SELECT /*+LEADING(c)*/ c.*, t.num_rows
, c.chained_rows/t.num_rows*100 pct_chained
, t.pct_free, t.pct_used
, 100-FLOOR((100-t.pct_free)*(1-c.chained_rows/t.num_rows)) new_pct_free
FROM (
SELECT owner_name, table_name, COUNT(*) chained_rows
FROM chained_rows c
GROUP BY owner_name, table_name) c
, all_tables t
WHERE t.owner = c.owner_name
AND   t.table_name = c.table_name
AND   t.num_rows > 0
ORDER BY chained_rows desc, 1,2
/

The last column of the report is a calculated new value for PCTFREE. The amount of in a block that can be used to insert new rows (100-PCTFREE) space used is scaled back by the proportion of migrated rows.

NB: This approach doesn't take chained rows into account. Chained rows are too big to fit in a single block under any circumstances, as opposed to migrated rows that could have fitted in a block had there been space. However, Oracle counts both types and stores the result in the column CHAIN_CNT.

Chained   Number             %    %   New
Owner    Table Name                 Rows  of Rows %Chained Free Used %Free
-------- -------------------- ---------- -------- -------- ---- ---- -----
MY_APP   MY_TABLE                 239667  1193233     20.1   10   40    29
…

The script then generates certain commands for each table. First the table is rebuilt by moving it to the same tablespace.

I specify PCTFREE as 1. Usually, the whole table does not need to be rebuilt with the new higher value for PCTFREE. Most of the rows are fully populated and generally will not grow further because they have already migrated. Setting a high value for PCTFREE will simply result in leaving a lot of free space, and result in Oracle reading more blocks for the same data. Instead, I set a low value for PCTFREE in order to pack the data into the minimum number of blocks.

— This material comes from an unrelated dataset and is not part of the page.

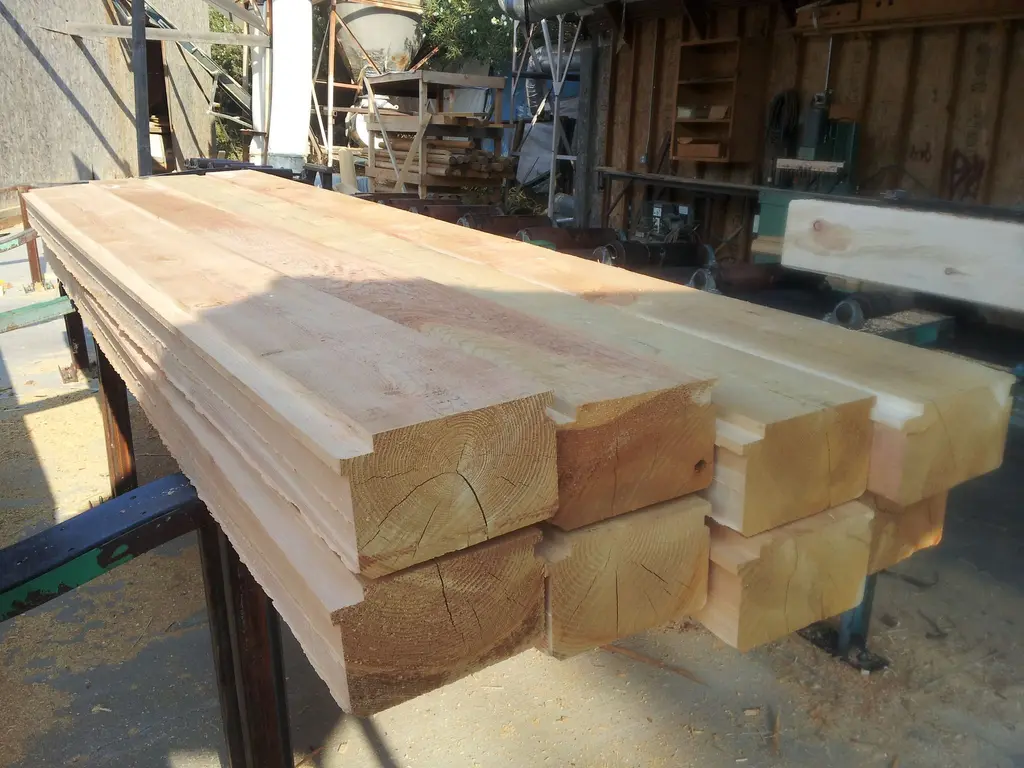 Log home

ALTER TABLE MY_APP.MY_TABLE MOVE TABLESPACE MYAPP_TABLE PCTFREE 1;
…

The new value for PCTFREE is then applied to the table. This approach is not foolproof. It is possible for existing rows, that have now been packed into the minimum number of blocks, to grow and to be migrated. However, I have found that this happens relatively rarely.

If necessary, I also reduce PCTUSED such that the sum of the new PCTFREE and the old PCTUSED does not exceed 90. The old value is shown in the comment for reference.

ALTER TABLE MY_APP.MY_TABLE PCTFREE 29 /*10*/ PCTUSED 40;
…

Finally, all the indexes on the rebuilt tables need to be rebuilt, because they are invalidated by the table rebuild.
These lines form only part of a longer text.